**Work instruction:** Please give an exact copy of every line from the one holding "Appartamenti-Residence Al Massimo" through the final line of the records below.

**Records to process:**
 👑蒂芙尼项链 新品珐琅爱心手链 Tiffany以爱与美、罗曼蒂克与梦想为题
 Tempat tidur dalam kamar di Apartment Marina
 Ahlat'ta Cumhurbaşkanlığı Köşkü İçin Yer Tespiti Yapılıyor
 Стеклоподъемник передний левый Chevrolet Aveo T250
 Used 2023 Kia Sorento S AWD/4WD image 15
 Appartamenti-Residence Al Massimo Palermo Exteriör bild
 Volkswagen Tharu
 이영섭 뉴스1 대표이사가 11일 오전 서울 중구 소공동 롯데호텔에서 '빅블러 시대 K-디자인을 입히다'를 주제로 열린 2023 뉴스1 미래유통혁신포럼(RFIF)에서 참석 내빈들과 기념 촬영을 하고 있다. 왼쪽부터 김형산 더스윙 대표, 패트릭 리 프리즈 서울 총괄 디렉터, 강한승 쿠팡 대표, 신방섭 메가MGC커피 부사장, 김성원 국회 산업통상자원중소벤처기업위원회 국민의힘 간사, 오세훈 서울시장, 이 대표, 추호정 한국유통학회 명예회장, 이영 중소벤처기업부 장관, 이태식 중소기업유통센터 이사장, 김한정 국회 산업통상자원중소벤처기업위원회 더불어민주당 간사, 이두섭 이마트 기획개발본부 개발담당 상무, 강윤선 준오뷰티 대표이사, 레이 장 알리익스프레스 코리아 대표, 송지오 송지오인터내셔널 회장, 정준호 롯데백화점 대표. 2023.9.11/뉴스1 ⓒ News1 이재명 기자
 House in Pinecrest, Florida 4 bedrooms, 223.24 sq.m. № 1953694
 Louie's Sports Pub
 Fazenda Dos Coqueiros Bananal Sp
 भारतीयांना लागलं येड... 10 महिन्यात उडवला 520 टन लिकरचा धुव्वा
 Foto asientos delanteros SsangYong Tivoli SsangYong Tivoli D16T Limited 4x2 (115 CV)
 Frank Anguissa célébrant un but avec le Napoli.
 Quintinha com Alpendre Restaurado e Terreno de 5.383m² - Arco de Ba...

**Response box:**
 Appartamenti-Residence Al Massimo Palermo Exteriör bild
 Volkswagen Tharu
 이영섭 뉴스1 대표이사가 11일 오전 서울 중구 소공동 롯데호텔에서 '빅블러 시대 K-디자인을 입히다'를 주제로 열린 2023 뉴스1 미래유통혁신포럼(RFIF)에서 참석 내빈들과 기념 촬영을 하고 있다. 왼쪽부터 김형산 더스윙 대표, 패트릭 리 프리즈 서울 총괄 디렉터, 강한승 쿠팡 대표, 신방섭 메가MGC커피 부사장, 김성원 국회 산업통상자원중소벤처기업위원회 국민의힘 간사, 오세훈 서울시장, 이 대표, 추호정 한국유통학회 명예회장, 이영 중소벤처기업부 장관, 이태식 중소기업유통센터 이사장, 김한정 국회 산업통상자원중소벤처기업위원회 더불어민주당 간사, 이두섭 이마트 기획개발본부 개발담당 상무, 강윤선 준오뷰티 대표이사, 레이 장 알리익스프레스 코리아 대표, 송지오 송지오인터내셔널 회장, 정준호 롯데백화점 대표. 2023.9.11/뉴스1 ⓒ News1 이재명 기자
 House in Pinecrest, Florida 4 bedrooms, 223.24 sq.m. № 1953694
 Louie's Sports Pub
 Fazenda Dos Coqueiros Bananal Sp
 भारतीयांना लागलं येड... 10 महिन्यात उडवला 520 टन लिकरचा धुव्वा
 Foto asientos delanteros SsangYong Tivoli SsangYong Tivoli D16T Limited 4x2 (115 CV)
 Frank Anguissa célébrant un but avec le Napoli.
 Quintinha com Alpendre Restaurado e Terreno de 5.383m² - Arco de Ba...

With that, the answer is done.